RÉACTIONS - «En Algérie, les églises font partie du patrimoine national. Quand tu arrives à Alger en bateau, depuis la mer, tu vois le monument national, et à sa droite Notre-Dame d’Afrique. Ça ne me choque pas», dit Abdelmadjid (1), enseignant à Dunkerque. Ce qui le choque, en revanche, c’est que les Suisses interdisent les minarets. «Ils n’ont pas organisé de référendum pour accepter l’argent des musulmans dans leurs banques ! Les musulmans du monde devraient retirer leurs avoirs !» Il est «déçu», veut croire que cela ne reflète pas «l’opinion profonde» des Suisses.
«Je voyais la Suisse comme un lieu d’asile pour tous, c’est un signe négatif envoyé aux musulmans, une peur infondée. Si dans ce minaret on avait prévu l’appel à la prière, je pourrais le concevoir, mais là…» Abdelmadjid espère que la France ne suivra pas. «La mosquée de Paris, c’est un bon exemple d’intégration dans l’architecture locale». Depuis les attentats du 11 septembre 2001, note-t-il, on voit «des islamistes, des fanatiques et des voiles partout».«Heureusement, les responsables chrétiens et musulmans travaillent au dialogue, ça fait tomber les non dits.»

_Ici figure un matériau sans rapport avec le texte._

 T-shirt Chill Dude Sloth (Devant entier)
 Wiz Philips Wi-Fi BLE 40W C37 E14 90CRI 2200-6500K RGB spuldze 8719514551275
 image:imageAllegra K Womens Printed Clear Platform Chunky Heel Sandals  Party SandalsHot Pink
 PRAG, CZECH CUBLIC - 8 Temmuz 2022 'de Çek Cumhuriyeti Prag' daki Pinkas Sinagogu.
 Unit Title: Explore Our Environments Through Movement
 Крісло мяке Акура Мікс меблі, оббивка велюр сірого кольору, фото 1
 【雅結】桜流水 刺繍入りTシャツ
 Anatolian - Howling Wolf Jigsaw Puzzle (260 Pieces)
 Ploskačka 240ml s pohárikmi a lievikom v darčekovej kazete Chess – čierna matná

«Déçu», un des responsables de la mosquée de Lille-Sud l’est aussi. «Je reçois des mails, des SMS, tout le monde en parle», dit Makhlouf Mamèche, secrétaire général du Conseil régional du culte musulman. «Juste au lendemain de la fête de l’Aïd, c’est pas sympa…» Il n’arrive pas à concevoir un référendum sur un tel sujet. «Imagine-t-on un référendum en Algérie pour des clochers ? Je trouve ça minable, déplacé.»

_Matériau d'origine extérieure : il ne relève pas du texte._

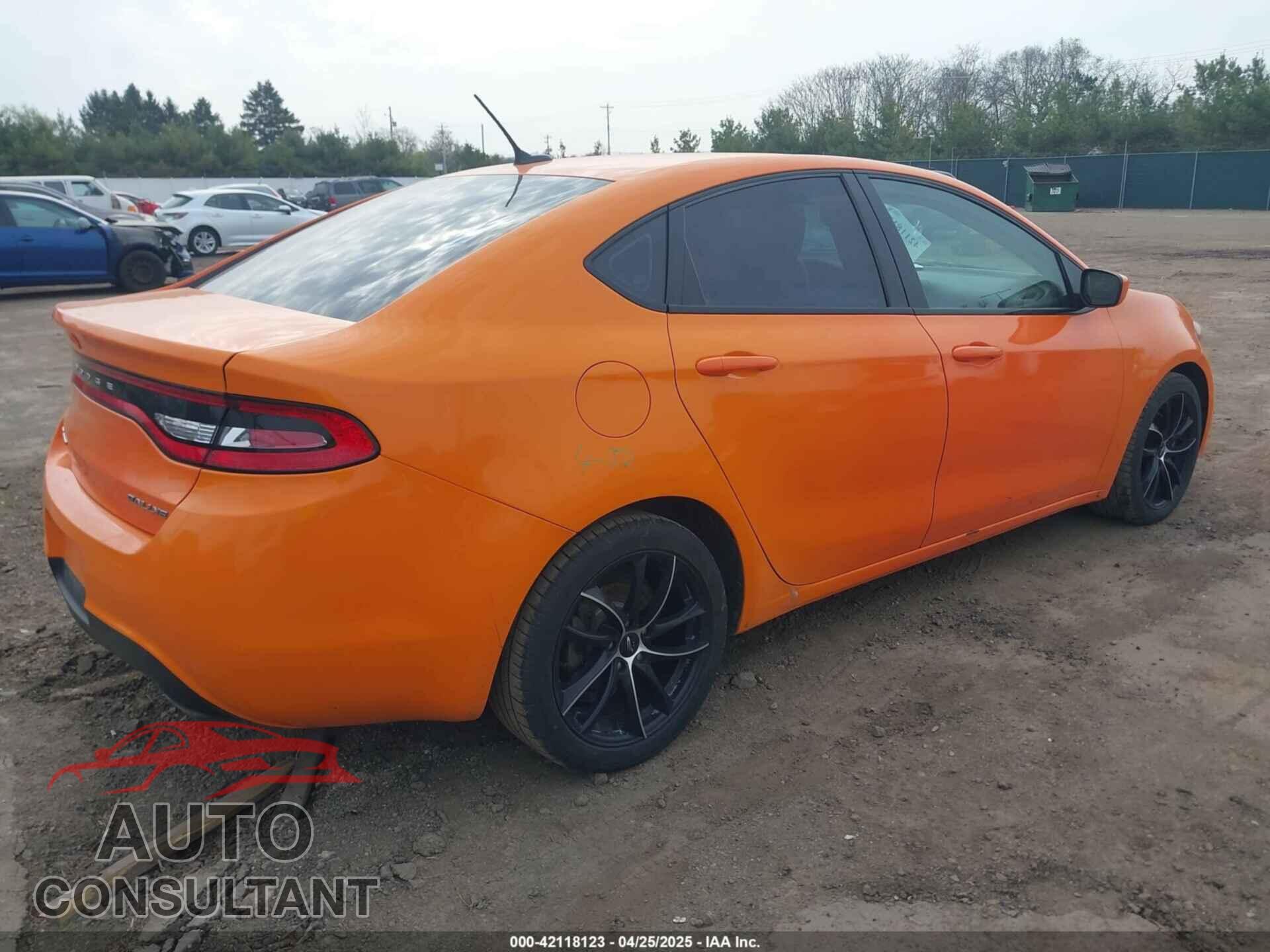 DODGE DART 2013 - 1C3CDFBA7DD304259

Même s’il trouve qu’une mosquée sans minaret, «ça fait plat», Habib a apprécié la réaction des musulmans «laïcs, pas fanatiques» suisses. «La majorité a dit non, il faut l’accepter. Pas de polémique. On doit tenir compte de l’autre, entrer en relation. Car ce qui est derrière tout ça, c’est la peur.» Sous la menace des islamistes, ce médecin d’origine algérienne, croyant, a dû quitter son pays. «On ne peut pas importer en Suisse un minaret au cachet d’Arabie Saoudite. Rien n’empêchait de solliciter des architectes suisses pour construire un minaret moderne, suisse à la mode suisse !» Il veut «essayer de comprendre» : Est-ce que les Suisses se disent : «Aujourd’hui, c’est un minaret, et demain c’est "Allah-ou-akbar" cinq fois par jour ?». Il aimerait qu’on se parle : «En Algérie et en Espagne, il y a des églises qui ont été transformées en mosquée, puis en église, puis en mosquée, et sur le clocher devenu minaret, on voit toutes les traces de ces histoires qui se mélangent.»
Haydée Sabéran
(1) Certains prénoms ont été modifiés.